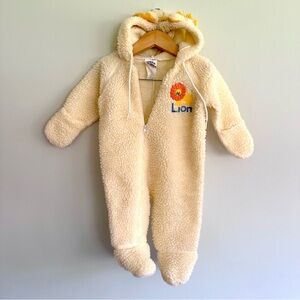 🦁VINTAGE Little Lion Yellow Hooded Sherpa Fleece Baby Bunting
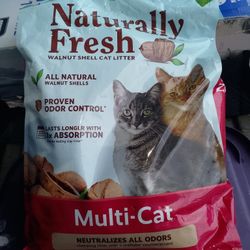 Naturally Fresh Multi Cat Walnut Litter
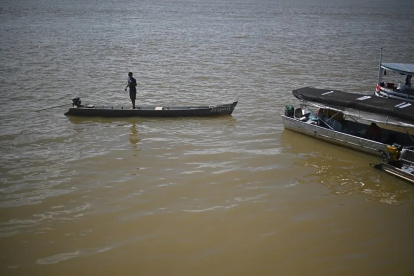 Un hombre navega por las aguas del río Tapajós, el 13 de febrero de 2023, en Itaituba, estado de Pará (Brasil).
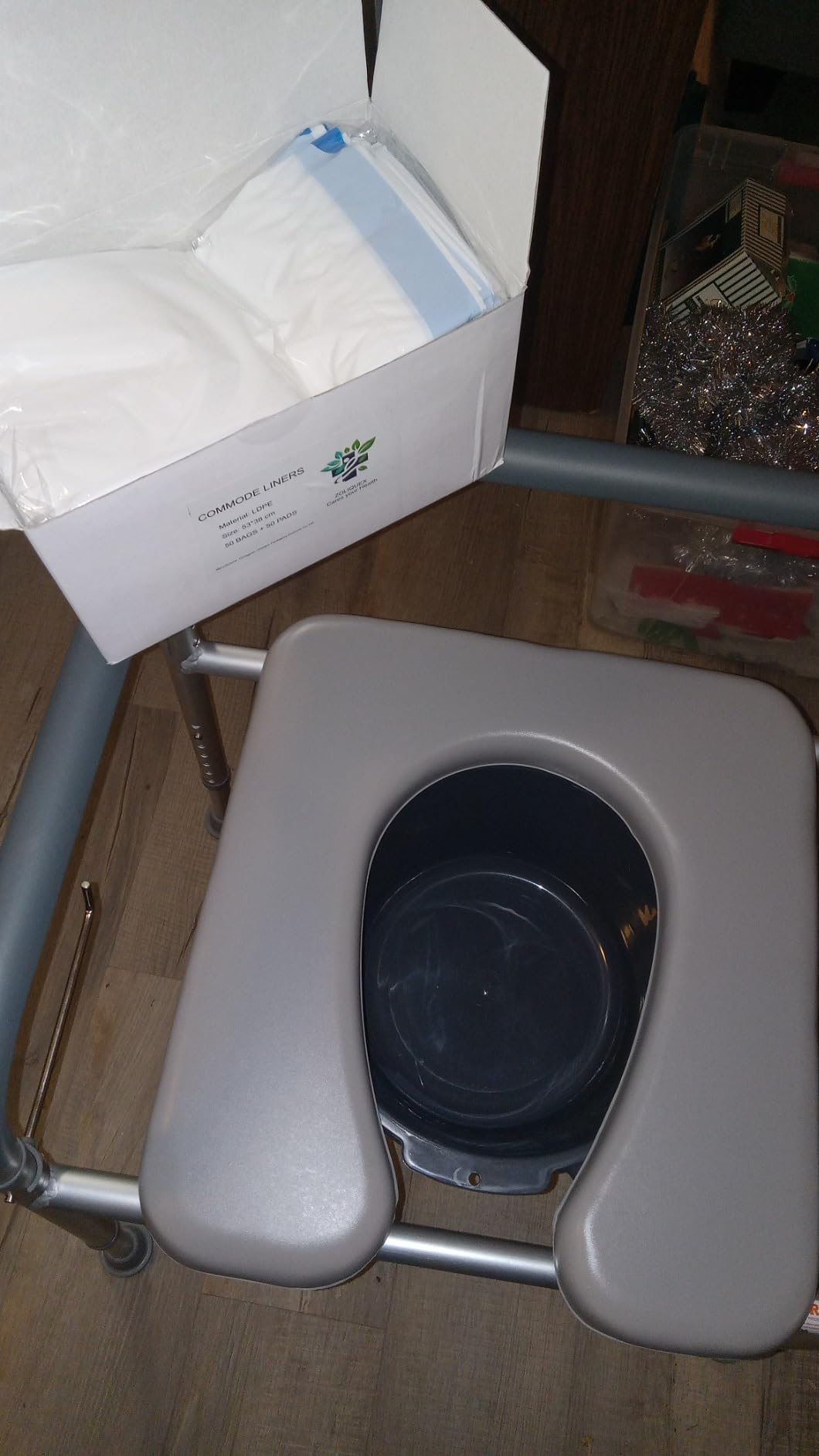 VEVOR Bedside Commode Chair, 500 lbs Capacity, 4-in-1 Portable Toilet and Raised Toilet Seat with Padded Seat & Armrest, Detachable 5L Bucket, Adjustable Height & Width Adult Potty Chair for Seniors customer photo 1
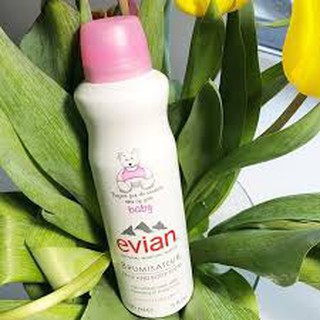 Xịt khoáng Evian 150ml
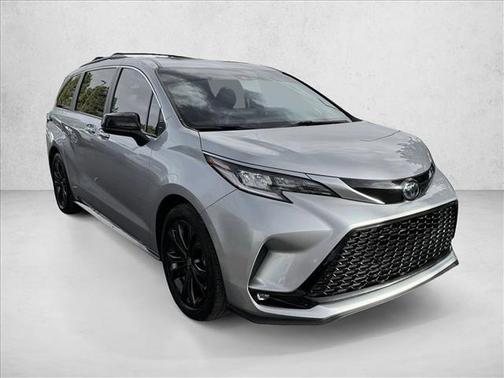 2022 Toyota Sienna XSE 7 Passenger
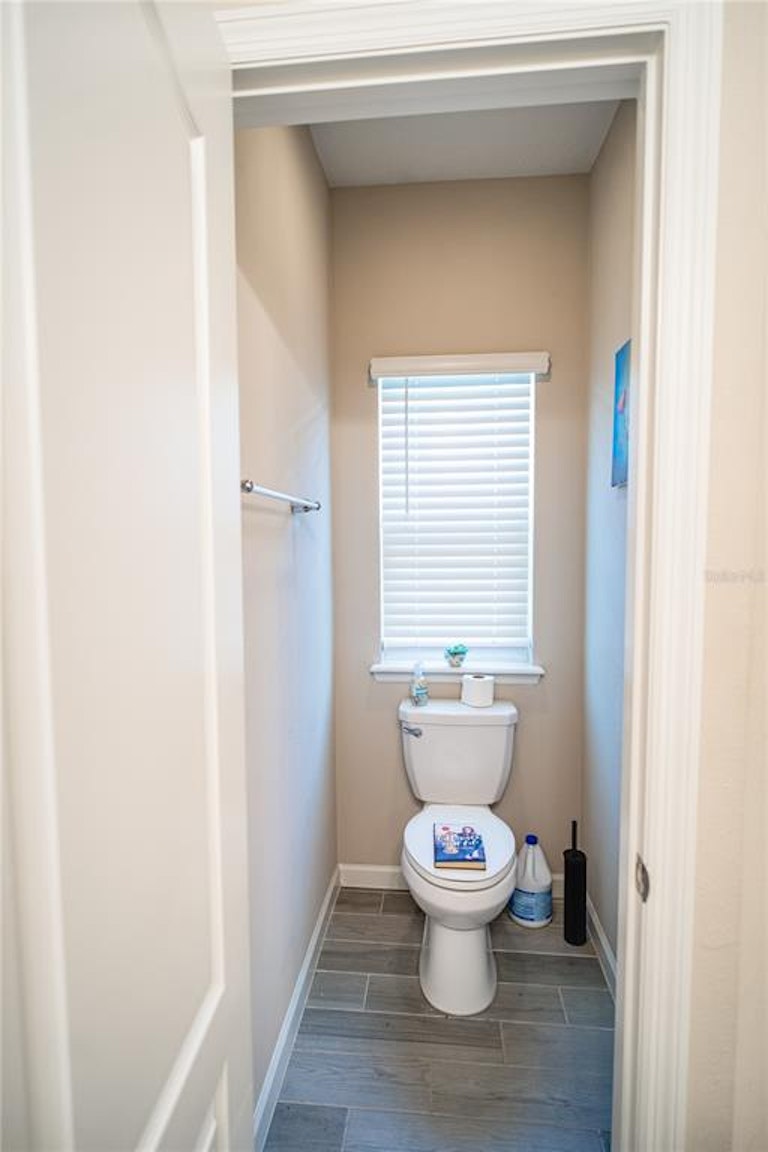 Photo 19 of 48 - 9689 Lemon Grass Ln, Jacksonville, FL 32219
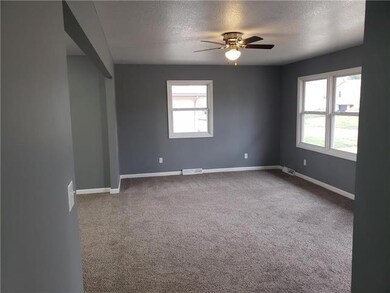 801 W Main St, Odessa, MO 64076 - photo 6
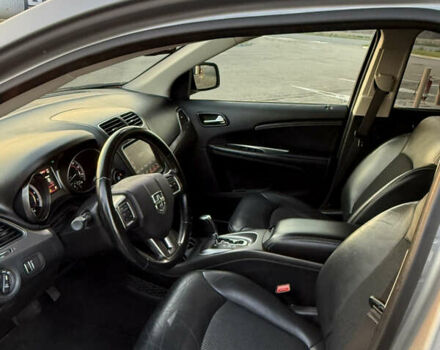 Серый Додж Джорни, объемом двигателя 2.36 л и пробегом 127 тыс. км за 14999 $, фото 18 на Automoto.ua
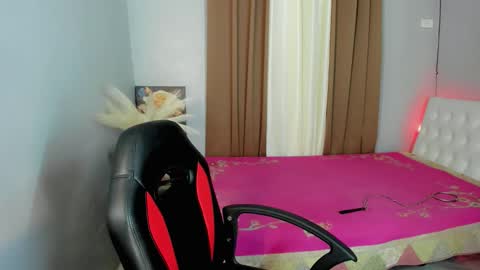 sweet_marie21 online show from April 2, 11:41 am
────────
Your objective
Could you reproduce the listing above word for word while leaving out its pictures?

Solution to this problem
 🦁VINTAGE Little Lion Yellow Hooded Sherpa Fleece Baby Bunting
 Naturally Fresh Multi Cat Walnut Litter
 Un hombre navega por las aguas del río Tapajós, el 13 de febrero de 2023, en Itaituba, estado de Pará (Brasil).
 VEVOR Bedside Commode Chair, 500 lbs Capacity, 4-in-1 Portable Toilet and Raised Toilet Seat with Padded Seat & Armrest, Detachable 5L Bucket, Adjustable Height & Width Adult Potty Chair for Seniors customer photo 1
 Xịt khoáng Evian 150ml
 2022 Toyota Sienna XSE 7 Passenger
 Photo 19 of 48 - 9689 Lemon Grass Ln, Jacksonville, FL 32219
 801 W Main St, Odessa, MO 64076 - photo 6
 Серый Додж Джорни, объемом двигателя 2.36 л и пробегом 127 тыс. км за 14999 $, фото 18 на Automoto.ua
 sweet_marie21 online show from April 2, 11:41 am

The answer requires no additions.